Provided records:

----

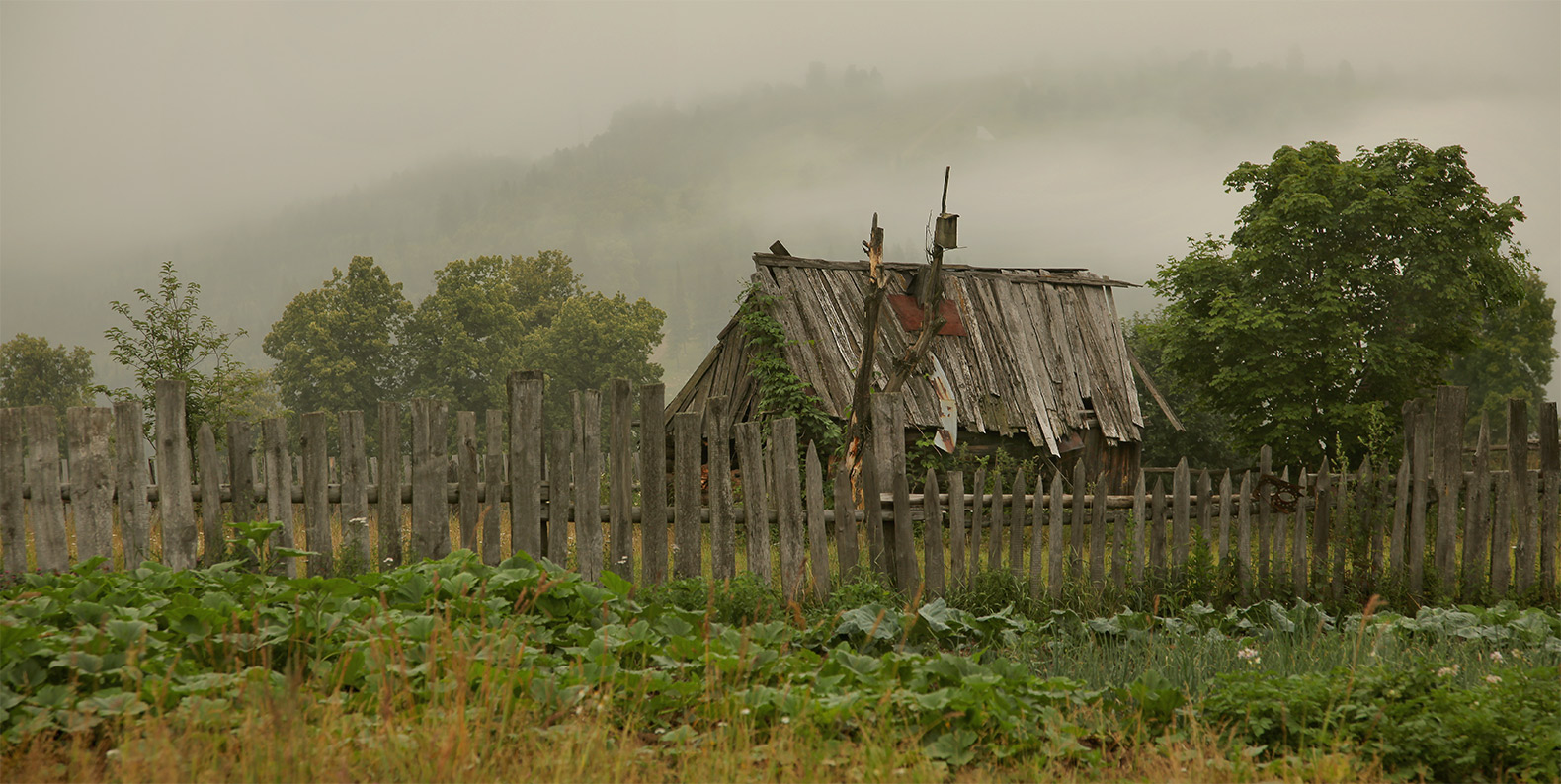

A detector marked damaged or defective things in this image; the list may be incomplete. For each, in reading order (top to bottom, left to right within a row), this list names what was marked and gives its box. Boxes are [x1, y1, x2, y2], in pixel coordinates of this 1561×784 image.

broken roof edge [749, 251, 1142, 288]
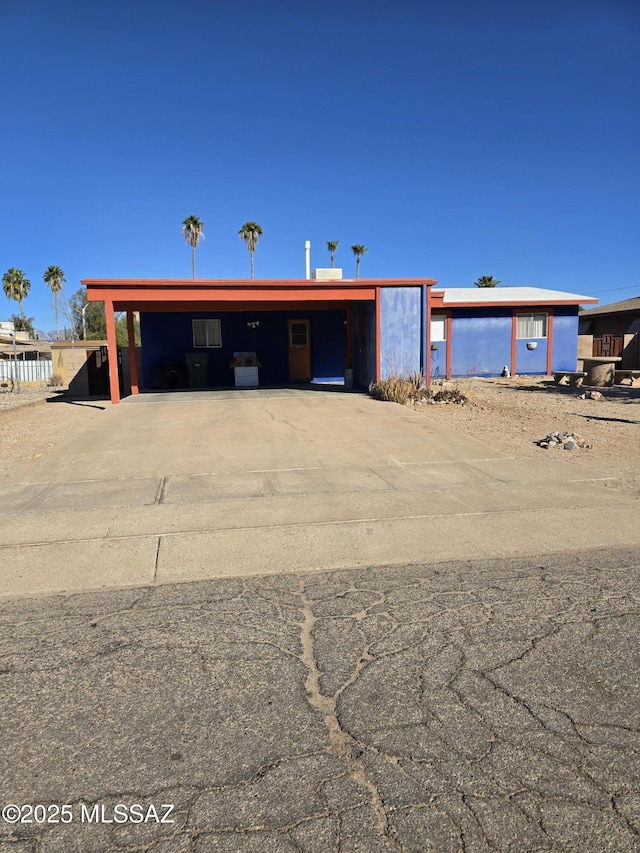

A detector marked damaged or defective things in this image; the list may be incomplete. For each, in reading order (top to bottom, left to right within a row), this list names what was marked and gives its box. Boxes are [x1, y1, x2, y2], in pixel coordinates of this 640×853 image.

cracked asphalt street [1, 544, 640, 852]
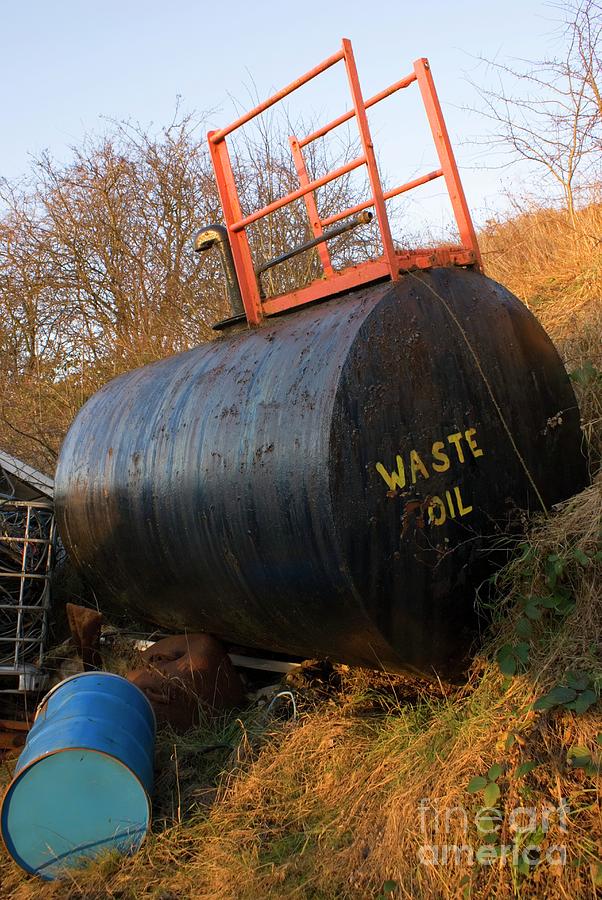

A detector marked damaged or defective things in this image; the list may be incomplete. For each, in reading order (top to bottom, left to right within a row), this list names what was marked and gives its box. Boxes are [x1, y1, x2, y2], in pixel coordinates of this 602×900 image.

rusty cylindrical tank [54, 270, 584, 680]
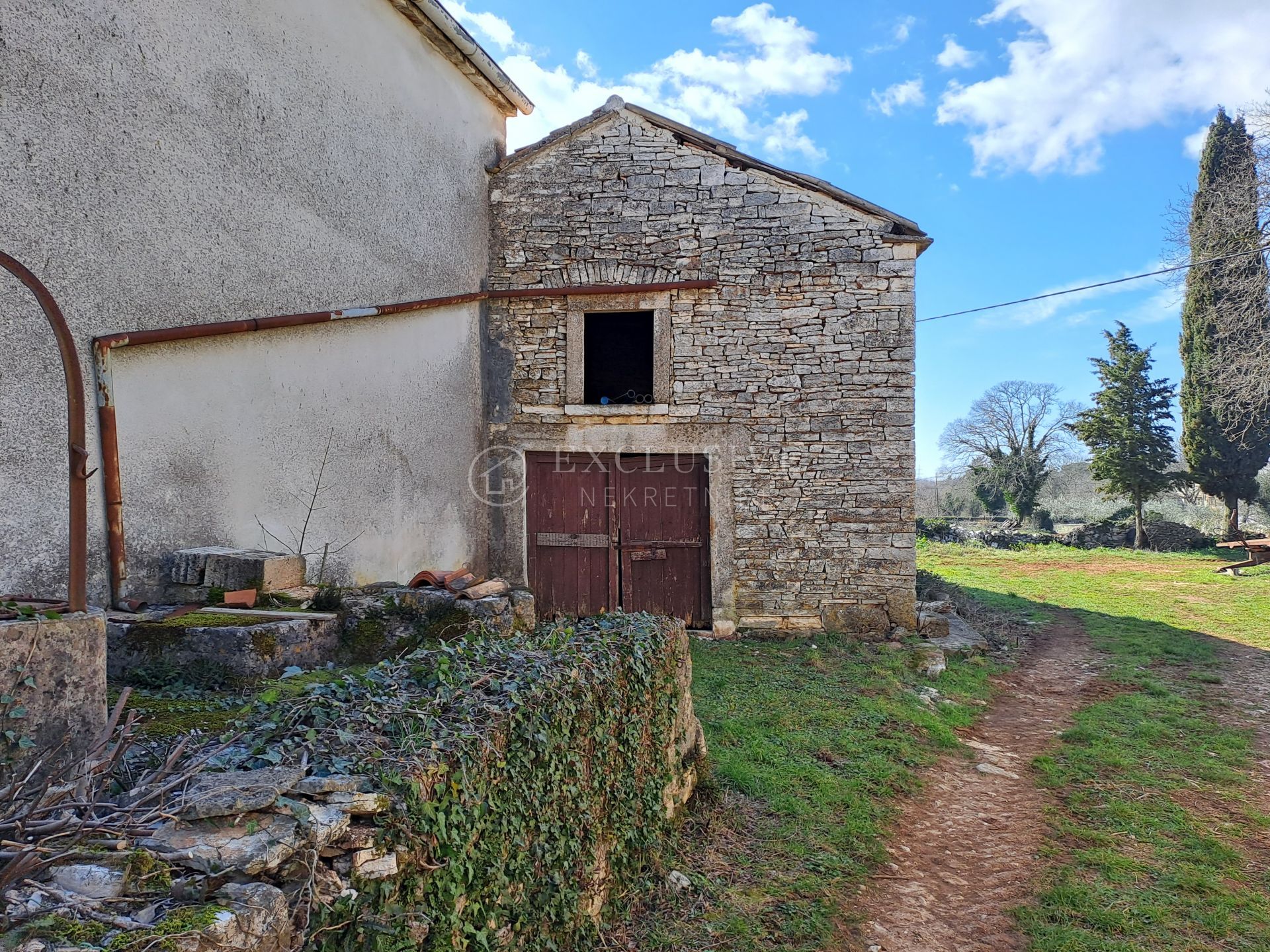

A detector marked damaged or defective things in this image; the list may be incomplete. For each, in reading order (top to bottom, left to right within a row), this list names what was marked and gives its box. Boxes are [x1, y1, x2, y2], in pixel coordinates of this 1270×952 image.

rusted metal pipe [0, 251, 93, 611]
rusted metal pipe [94, 279, 720, 603]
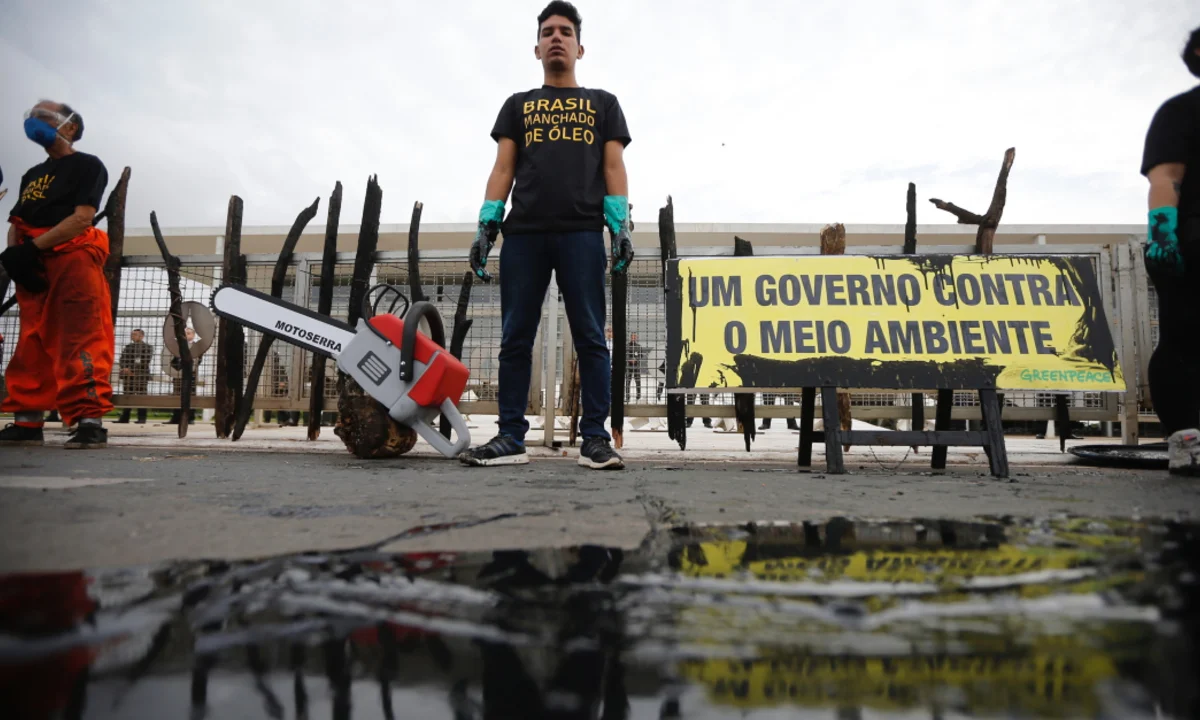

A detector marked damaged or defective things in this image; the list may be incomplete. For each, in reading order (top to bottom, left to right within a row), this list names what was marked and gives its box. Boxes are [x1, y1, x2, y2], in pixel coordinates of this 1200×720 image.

charred wooden stake [100, 165, 132, 324]
charred wooden stake [152, 211, 194, 439]
charred wooden stake [216, 194, 246, 439]
charred wooden stake [231, 198, 319, 444]
charred wooden stake [307, 181, 340, 439]
charred wooden stake [410, 201, 429, 302]
charred wooden stake [657, 195, 686, 451]
charred wooden stake [724, 236, 753, 451]
charred wooden stake [820, 225, 859, 451]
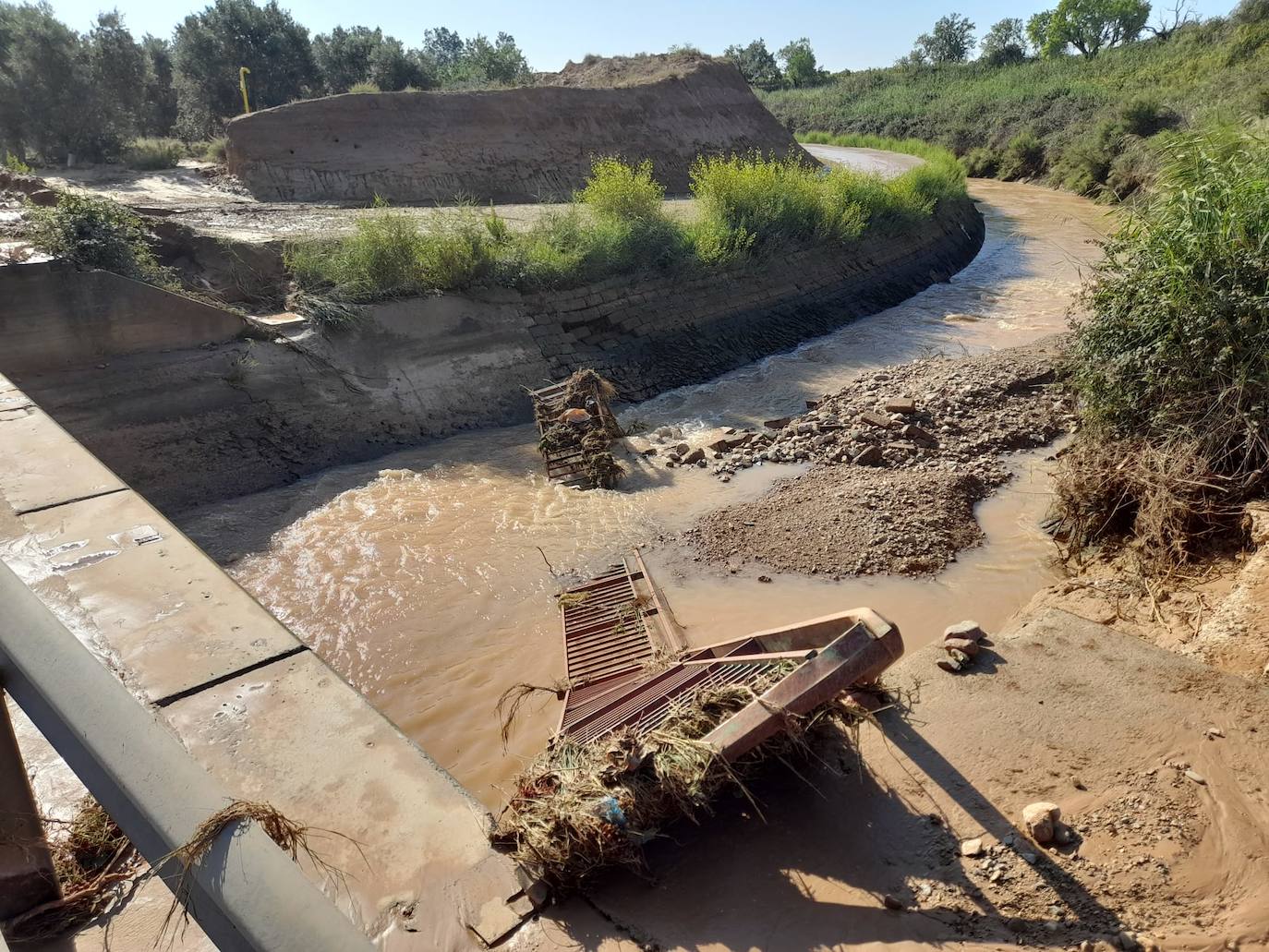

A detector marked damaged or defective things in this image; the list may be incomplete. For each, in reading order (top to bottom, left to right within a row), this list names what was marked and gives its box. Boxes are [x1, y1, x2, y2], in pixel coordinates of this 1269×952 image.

bent metal structure [226, 57, 812, 202]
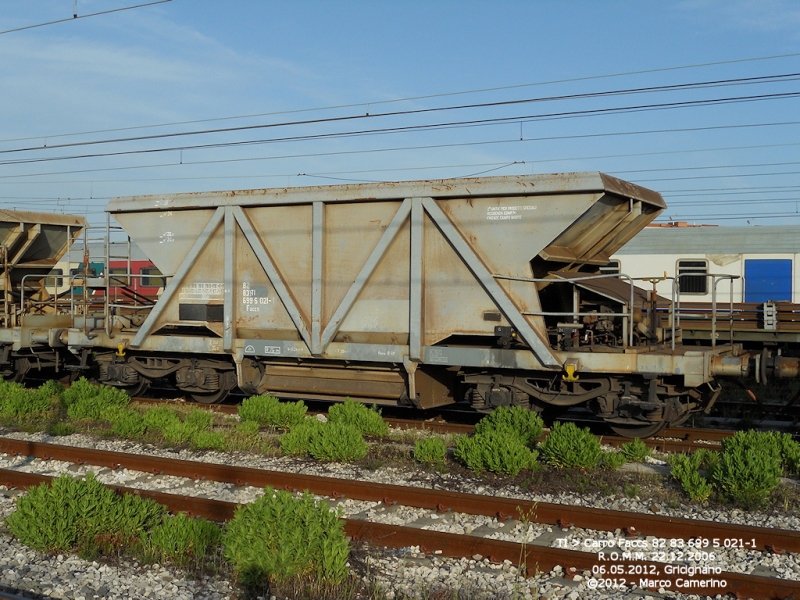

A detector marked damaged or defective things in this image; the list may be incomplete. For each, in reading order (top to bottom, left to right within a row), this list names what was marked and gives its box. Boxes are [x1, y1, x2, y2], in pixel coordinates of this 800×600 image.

rusty hopper wagon [64, 173, 792, 436]
rusty rail [0, 436, 792, 552]
rusty rail [1, 468, 800, 600]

----

Assigned task:
Here the answer is the exact run of lines above, from the line with "this 800×600 image." down to the last, and nothing else.

Response for this exercise:
A detector marked damaged or defective things in this image; the list may be incomplete. For each, in reading order (top to bottom, left to right within a row), this list names what was marked and gives its box. Boxes are [x1, y1, x2, y2], in pixel coordinates of this 800×600 image.

rusty hopper wagon [64, 173, 792, 436]
rusty rail [0, 436, 792, 552]
rusty rail [1, 468, 800, 600]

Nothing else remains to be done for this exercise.